Concept wise, GDPR and blockchain are as different as chalk and cheese. However, with slight modifications, they can become two sides of the same coin!
GDPR was developed following concerns about data protection. The GDPR laws focus mostly on two aspects, centralization and modification of the data in case of privacy violation. Both aspects of GDPR refer to a single point that “every process in GDPR, which includes working, modification, etc., is supervised or controlled by a board of people to whom we refer to as controlling authority.” On the other hand, blockchain makes sure the data is encrypted and “immutable,” as experts say.
At present, we all are concerned about our data privacy. We don’t want our confidential or private data to reach some stranger’s hands. Data security is necessary, and the technologies that we use should take it seriously. Blockchain is a useful technology, but (yes, there is a pause here) does it comply with data privacy laws? Are programmers aware of these concerns in blockchain?

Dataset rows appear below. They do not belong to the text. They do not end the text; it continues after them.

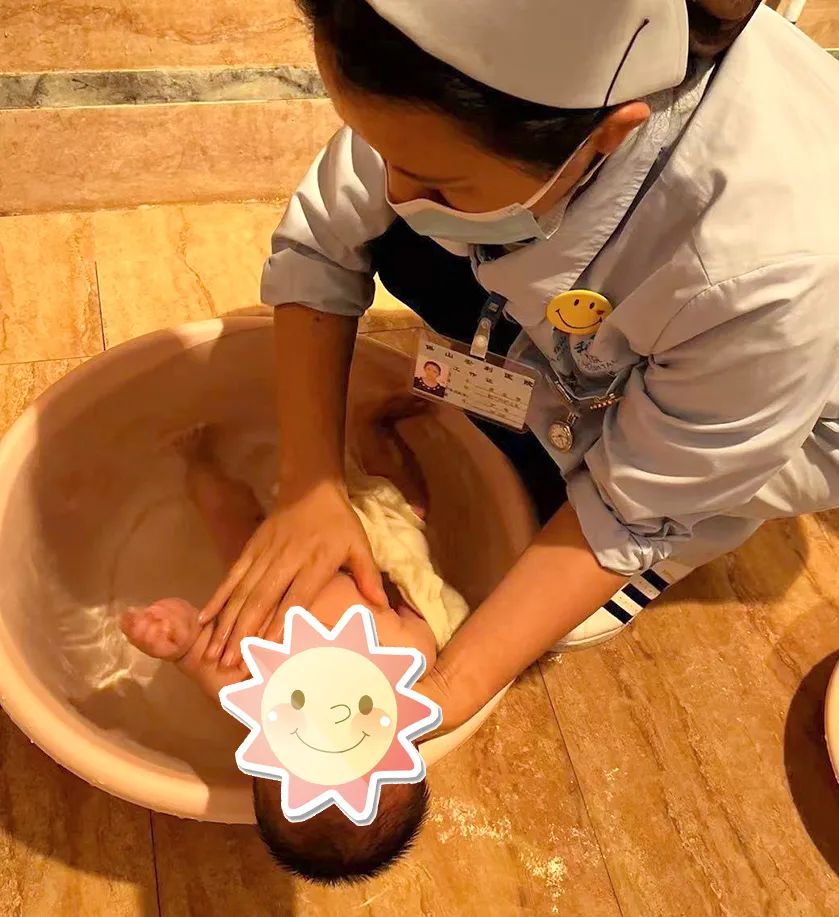 【保山安利醫(yī)院】新手媽媽別著急，寶寶護(hù)理可為您上門服務(wù)~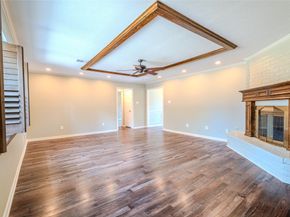 5938 Theall Road, Houston TX 77066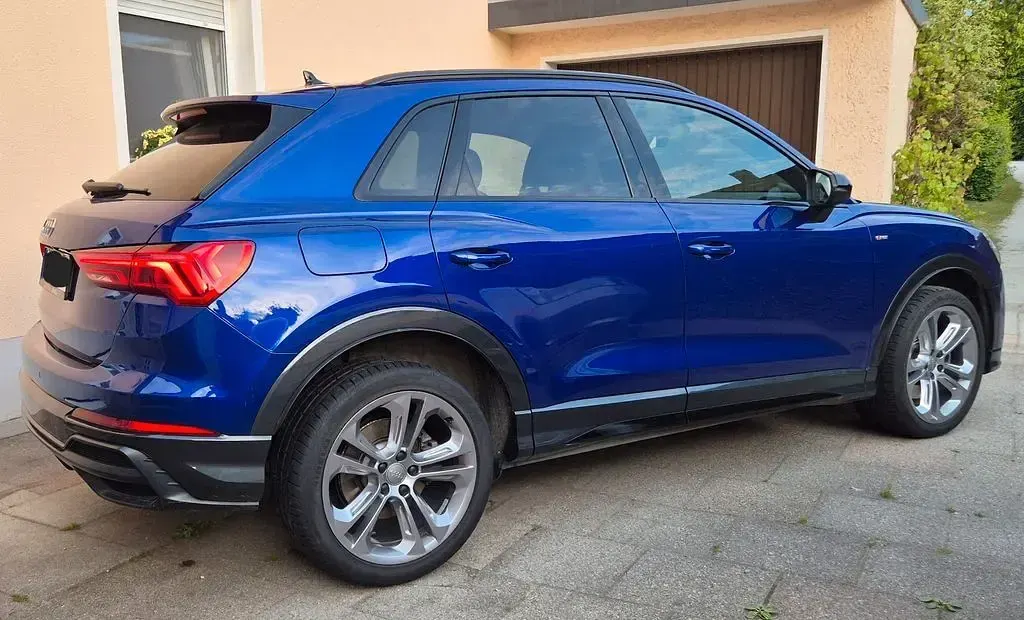 Gebraucht Audi Q3 S-Line 230 PS (169 kW) 2019 Blau SUV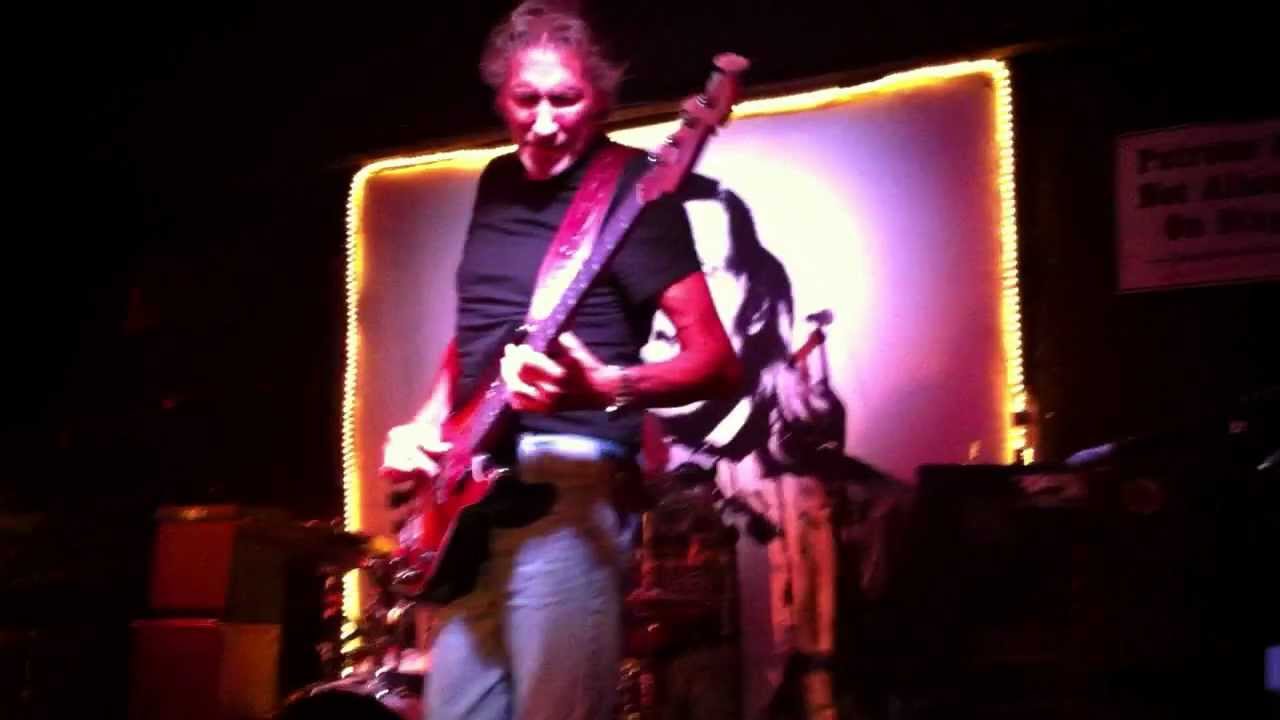 Roger Waters (Pink Floyd) joins G.E. Smith at The Stephen Talkhouse - Blues in G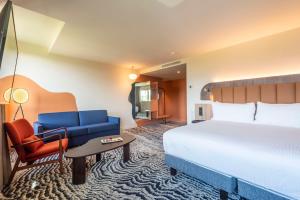 DoubleTree by Hilton Lyon Eurexpo & Spa客房内的一张或多张床位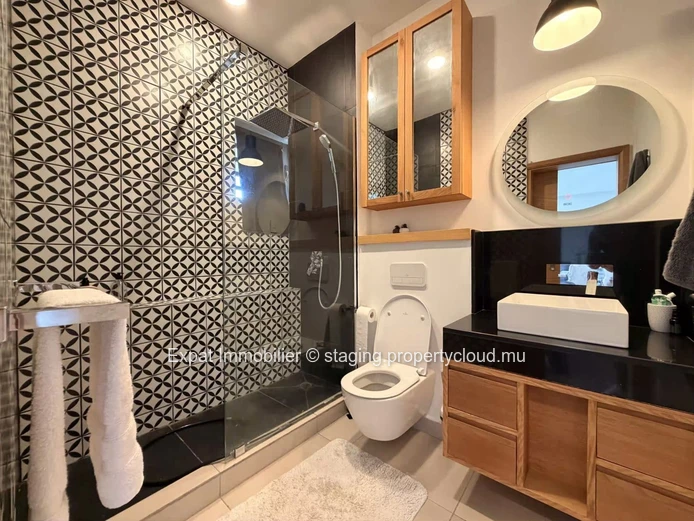 Elegant Penthouse with 3 Ensuite Bedrooms – For Sale in Péreybère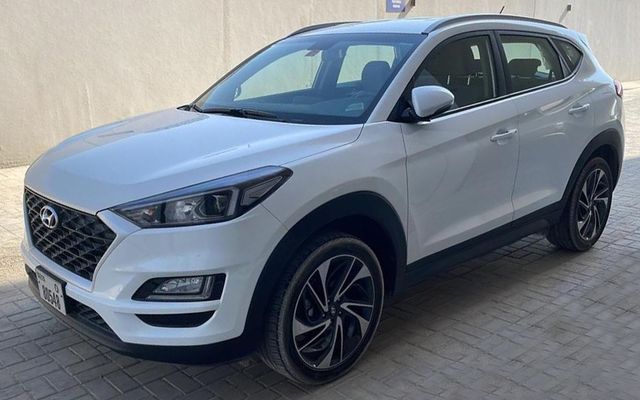 Hyundai Tucson - image 1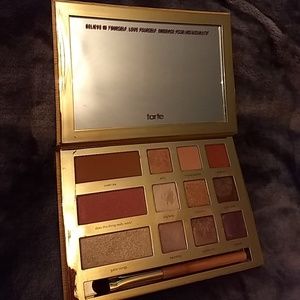 Tarte Grav3yardgirl Swamp queen makeup pallette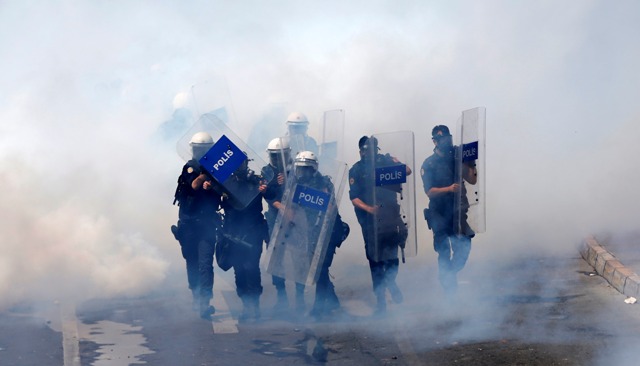 Τραυματίες και συλλήψεις στην Κωνσταντινούπολη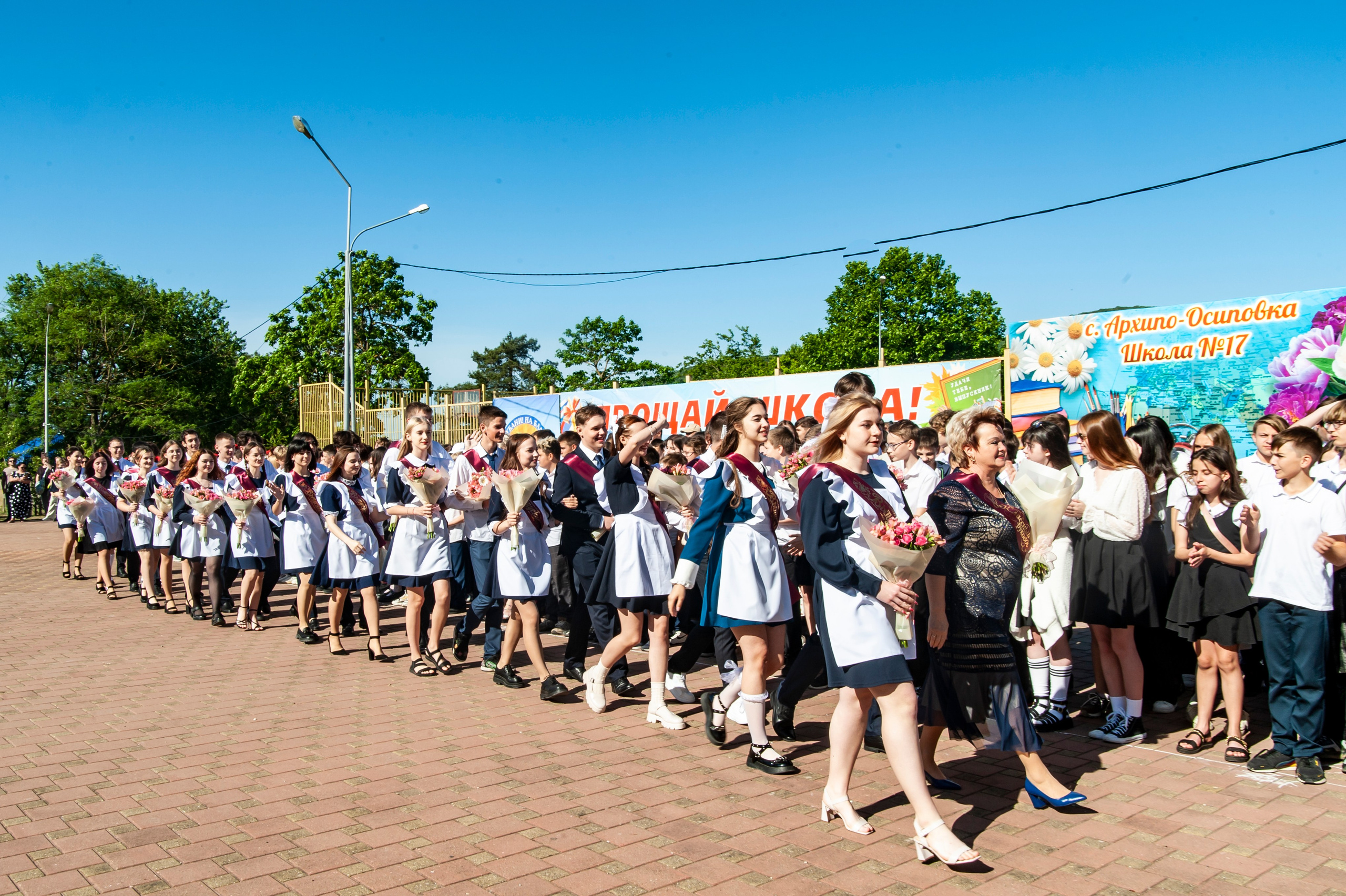 Последний Звонок МАОУ СОШ № 17 им. Эдуарда Есаяна — Архипо-Осиповка. Свадебный и семейный фотограф Денис Лукьянов в Краснодаре, Краснодарском крае и Республике Крым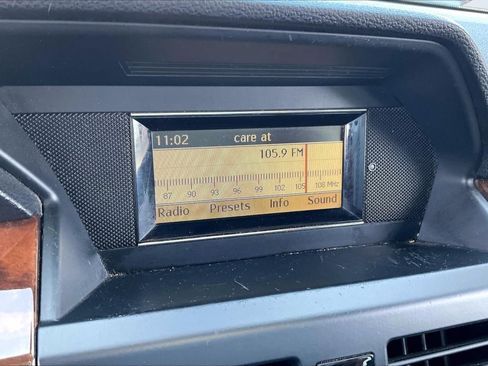 Used 2011 Mercedes-Benz GLK 350 2WD image 21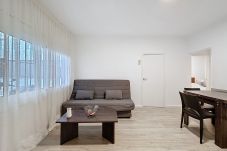 Apartamento en Rosas / Roses - REMENDADORES Location Longue Durée INTERimmo
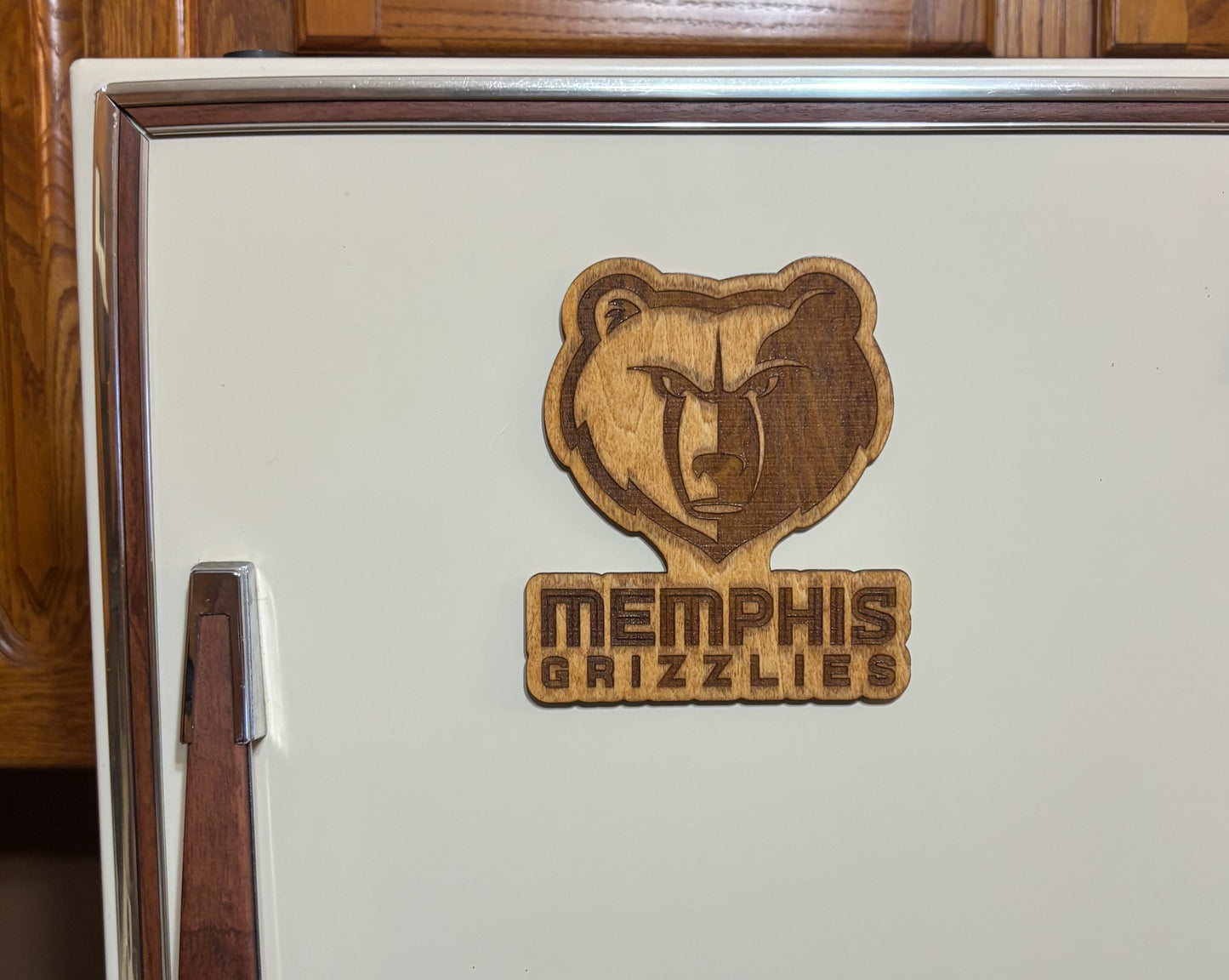 Stained basswood fridge magnet of the Memphis Grizzlies basketball team logo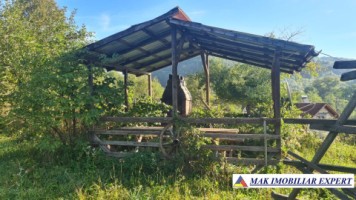 vila-spatioasa-cu-4-camere-de-vanzare-si-teren-de-5000-mp-in-stoenesti-arges-31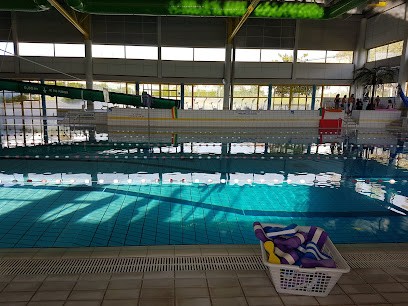 Club Nautique Saint-Jean-de-la-Ruelle, Piscine à Saint-Jean-de-la-Ruelle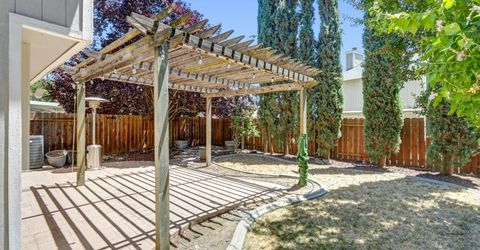 6932 Springmont Dr, Elk Grove, CA 95758 Photo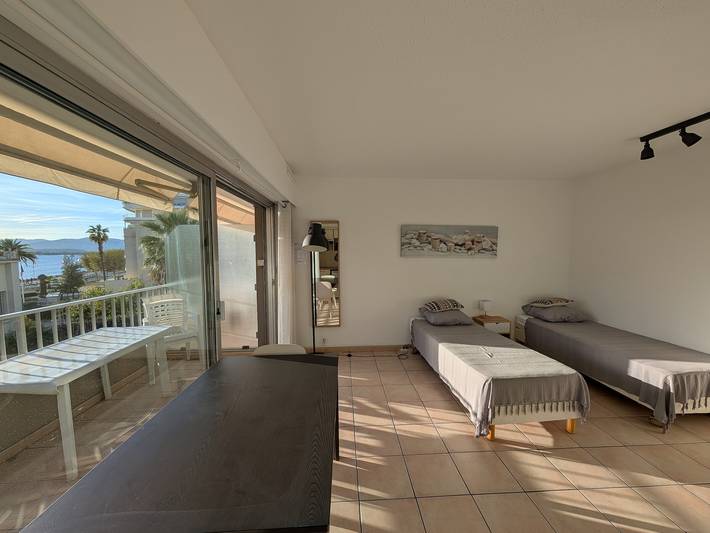 Gîte pour 2 personnes, avec balcon dans Plage Veillat Saint Raphael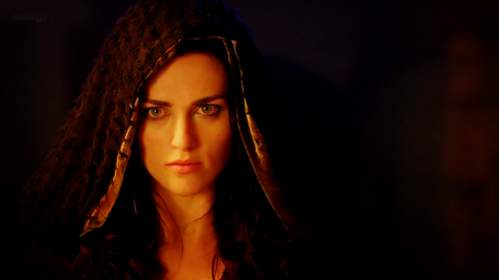 Katie McGrath in una delle più convincenti interpretazioni della maga... in "Merlin"!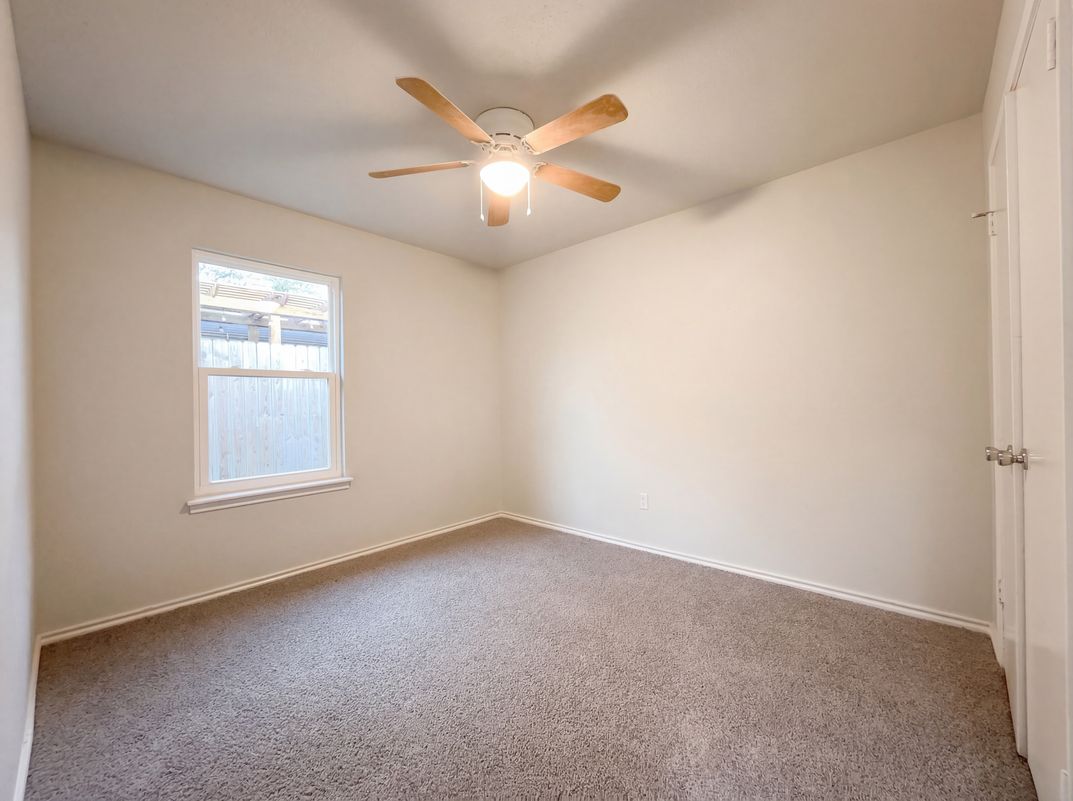 Photo 12 of 16 of 2175 Timberleaf Cir, Ingleside, TX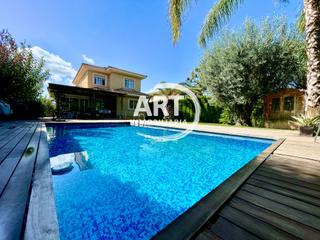 Maison  Serrans. Magnífico chalet independiente en ribaroja del turia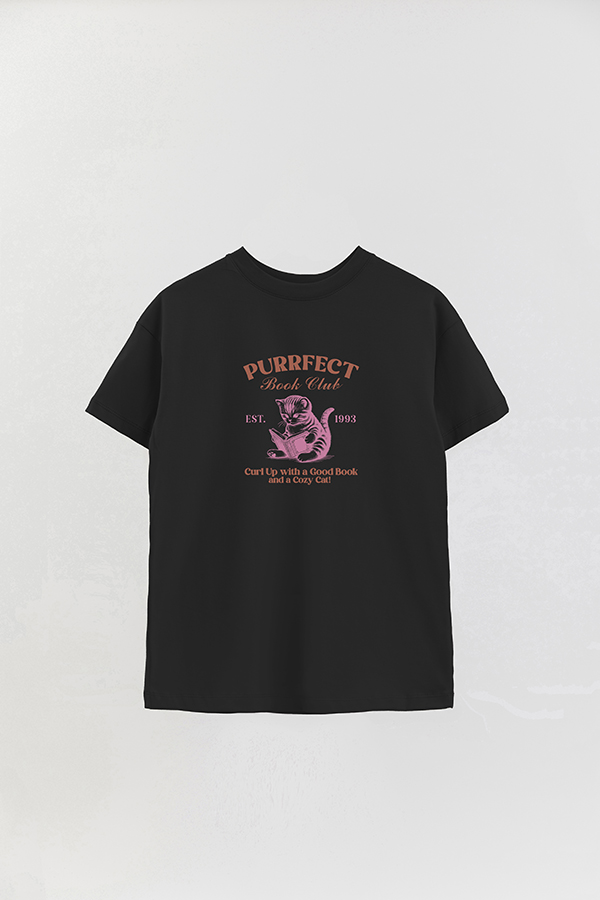 REMERA OVER ESTAMPADA CAT GOOD BOOK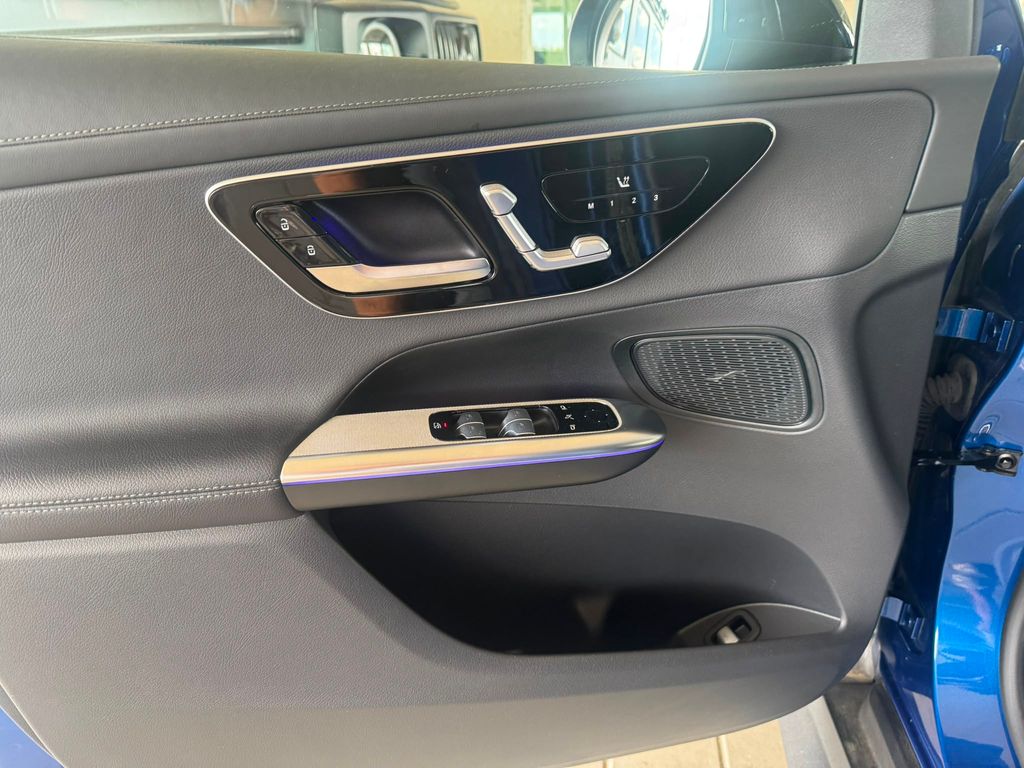 mercedes-benz-glc-220d-4matic - 9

This article discusses this issue and will show readers how to achieve data security with GDPR compliance. We’ll also address the following concerns:
- Is there a concrete connection between blockchain and GDPR?
- How are programmers affected?
- What is the programmer’s role in making blockchain compliant with GDPR?
Let’s see how GDPR and blockchain can coexist with the effort of skillful developers.
GDPR Compliance in the Blockchain: The Possibilities
The major problem with GDPR compliance in blockchain is the immutable nature of blockchain. The data residing or stored in blockchain is hard to alter, and if it’s a public blockchain, it’s a direct conflict with GDPR guidelines. However, there are some possibilities for overcoming this conflict.
One might even wonder, at first, whether there is a solution.
The answer is yes. A developer always has a solution, even if it is complex (in my sense or view, it’s more like a programmer’s responsibility). Well, I’ve figured out such a solution, and I’d love to share it with the coding community.
Two Terms To Keep in Mind
First, let’s get familiar with two terms that are used as focus points and are important to remember.
Data controller: In GDPR terms, the data must be properly controlled, and so there will be a data controller. It controls the data to check whether the GDPR rules are followed or not.
Data processor: The data is either processed via an in-house team or is outsourced to a third-party processor.
These two terms are very important according to GDPR guidelines. If we are freelancers and the client has instructed us to do a job, then the client acts as the data controller, and we’re data processors. In the case of companies with in-house staff, they become both controllers and processors.
Let’s see how these terms apply to blockchain.
The first thing we need to know is whether there are any such terms in blockchain? I would say no. Blockchain focuses on decentralization, which is exactly opposite to GDPR’s goals.
In the context of blockchain, there is really an issue. There is no real controller. Instead, the data gets added to the blockchain after proper validation. Validation is processed not alone but as a network of nodes. They all get a copy of the data, and after the data validation, it gets added into the blockchain network as a block.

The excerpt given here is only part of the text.